___ Given material ___
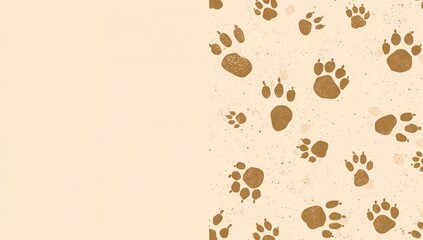Obraz premium Animal-themed backdrop featuring a cute paw print drawing, suitable for nursery or playful graphic design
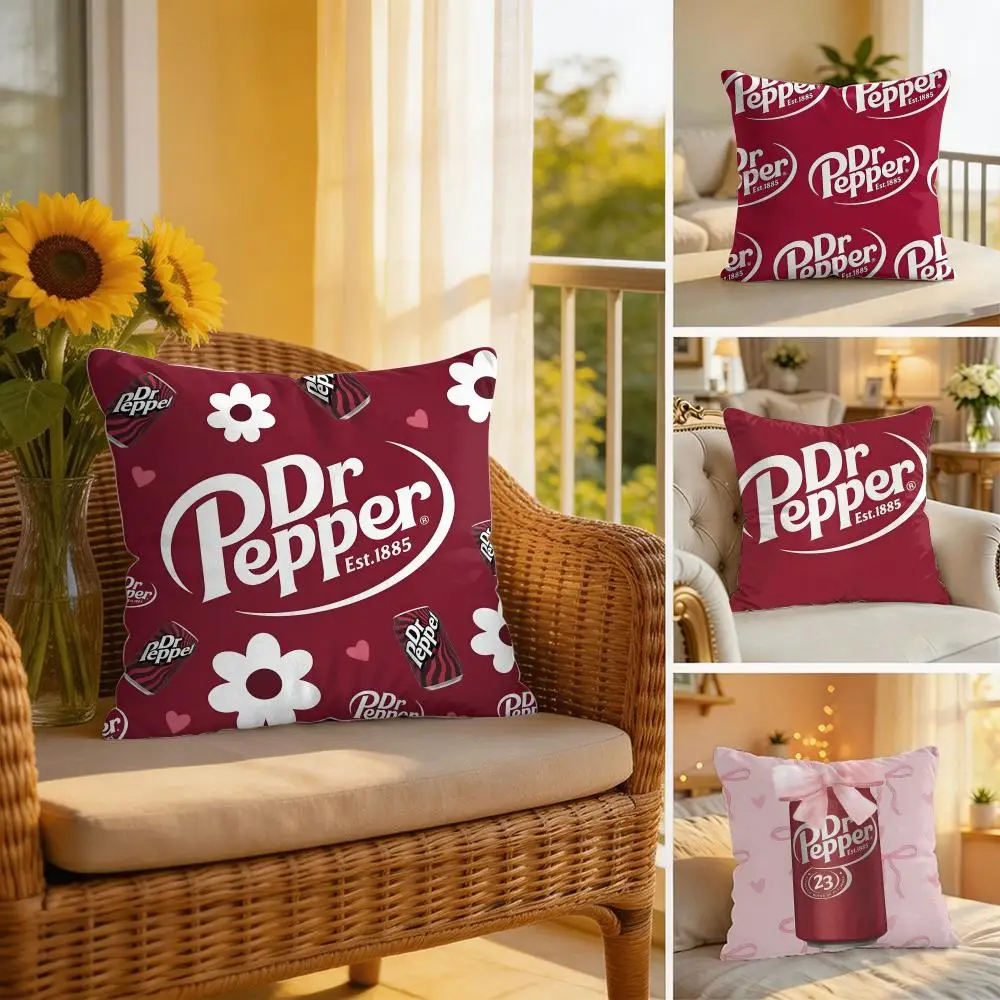 Fashion Hot D-Dr PepperS Cushion Cover Wrinkle-Resistant Short Plush Cushion Covers Breathable Machine-Washable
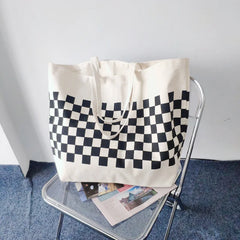 Canvas Shoulder Bag Women Casual Chessboard Handbag Student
___
The listing above must be printed again exactly, minus its pictures.

> **Solution below**:
Obraz premium Animal-themed backdrop featuring a cute paw print drawing, suitable for nursery or playful graphic design
 Fashion Hot D-Dr PepperS Cushion Cover Wrinkle-Resistant Short Plush Cushion Covers Breathable Machine-Washable
 Canvas Shoulder Bag Women Casual Chessboard Handbag Student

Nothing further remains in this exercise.